Abstract

ABSTRACTDiedrich Westermann (1875–1956) was a key figure in the establishment of African studies in Germany and Britain. He was a pioneer German linguist and member of the founding generation of German Africanists (Afrikanistik) who played a significant role in the field. As professor at Berlin University, the co-director of the International Institute of African Languages and Culture (IIALC) in London from 1926 and an adviser to Lord Hailey’s research team for the monumental ‘An African Survey’ (1938), he was central to the promotion of policy research in the African colonial context during the inter-war era. His own work focused on the phonetics and orthography of the Sudanic languages and the methodologies he pioneered were widely adopted in West Africa. As editor of the journals Koloniale Rundschau (Berlin) and Africa (London), with links to Rockefeller research funding, he was able, with Malinowski and J. H. Oldham, to wield considerable influence over the shape of anthropological and linguistic research for more than 20 years.

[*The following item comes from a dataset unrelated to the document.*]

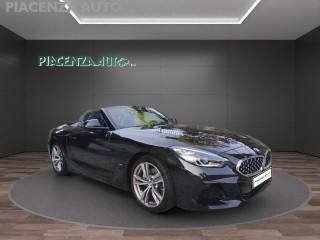 BMW Z4 usata, con Airbag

His links to the Colonial Office and the International Missionary Council (IMC) in London and the Berlin Missionary Society (BMS) and the Colonial Department of the Third Reich, meant that he was uniquely placed as an adviser to both governments. This would seem to raise important questions about the similarities and differences in the climates of scientific work in these diverse contexts which has to date not attracted much attention. Westermann’s career provides a portrait of the complex academic inter-war era that Africanists scholars needed to navigate in a world charged with political conflict and the seeds of development debates that were to come to fruition with UNESCO initiatives in the post-war years.